Seagate will pay Amstrad $93.8 million plus interest and costs - which could amount to another $60 million - in compensation for the supply of 56,660 faulty ST277R hard disk drives in 1988, which, Amstrad claimed, caused the majority of its flagship PC2386 desktop PCs to malfunction.
Amstrad was in full flight in the PC market at the time, having successfully driven down the price of IBM clones with its PC1640 and challenged the state of the art (in 1988) with its PC2386 386-based machine.
Having relied heavily on retail sales, principally through Dixons Stores Group, in the early 1990s, Amstrad's dwindling PC business pulled in its horns in January 1995 to concentrate exclusively on direct mail sales.

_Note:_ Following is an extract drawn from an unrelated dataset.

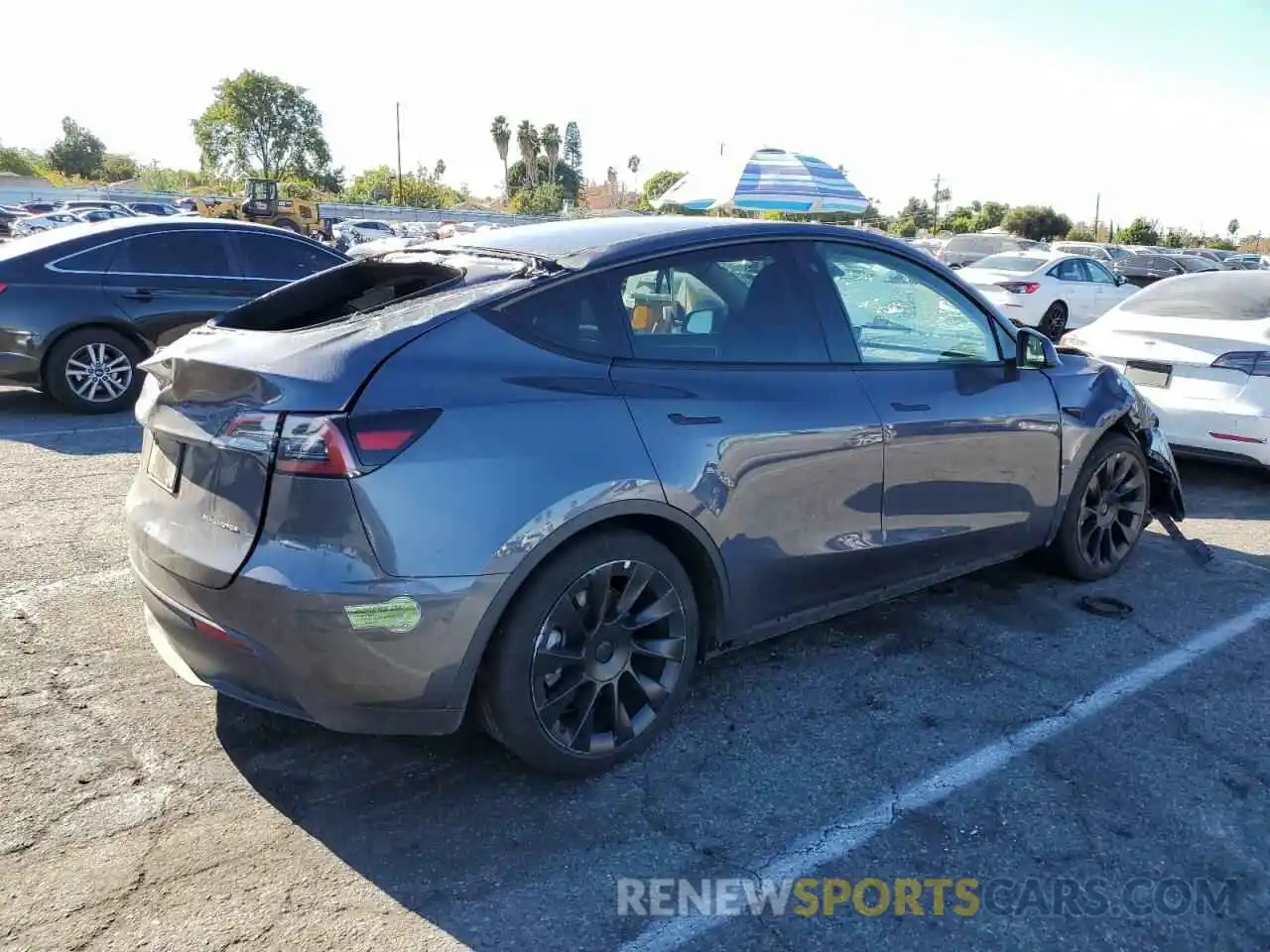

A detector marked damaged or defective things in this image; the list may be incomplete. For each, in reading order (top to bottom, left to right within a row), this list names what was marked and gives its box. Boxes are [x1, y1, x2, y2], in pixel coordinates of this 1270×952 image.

damaged tesla model y [124, 219, 1183, 777]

The faulty hard disks lost Amstrad approximately $122 million due to lost and delayed sales of its PC2386 alone, the company claims. No recognition has been made, however, of Amstrad's loss of reputation in the PC market. "Nobody will ever know where Amstrad would be today if this had not happened," said Amstrad's chairman Alan Sugar. "The financial award we have received today only goes some way to compensate us. Perhaps as importantly, the decision exonerates myself and my team."
Seagate is currently considering filing an appeal, but the payment to Amstrad will show up as a charge on the company's financial results this quarter.
Amstrad has also taken legal action against Western Digital, which it claims provided faulty drives during the same period. That case will go to trial later this year in California. Sugar acknowledged that the situation was an "an incredible coincidence," wherein two different suppliers both shipped bad hard drives to Amstrad.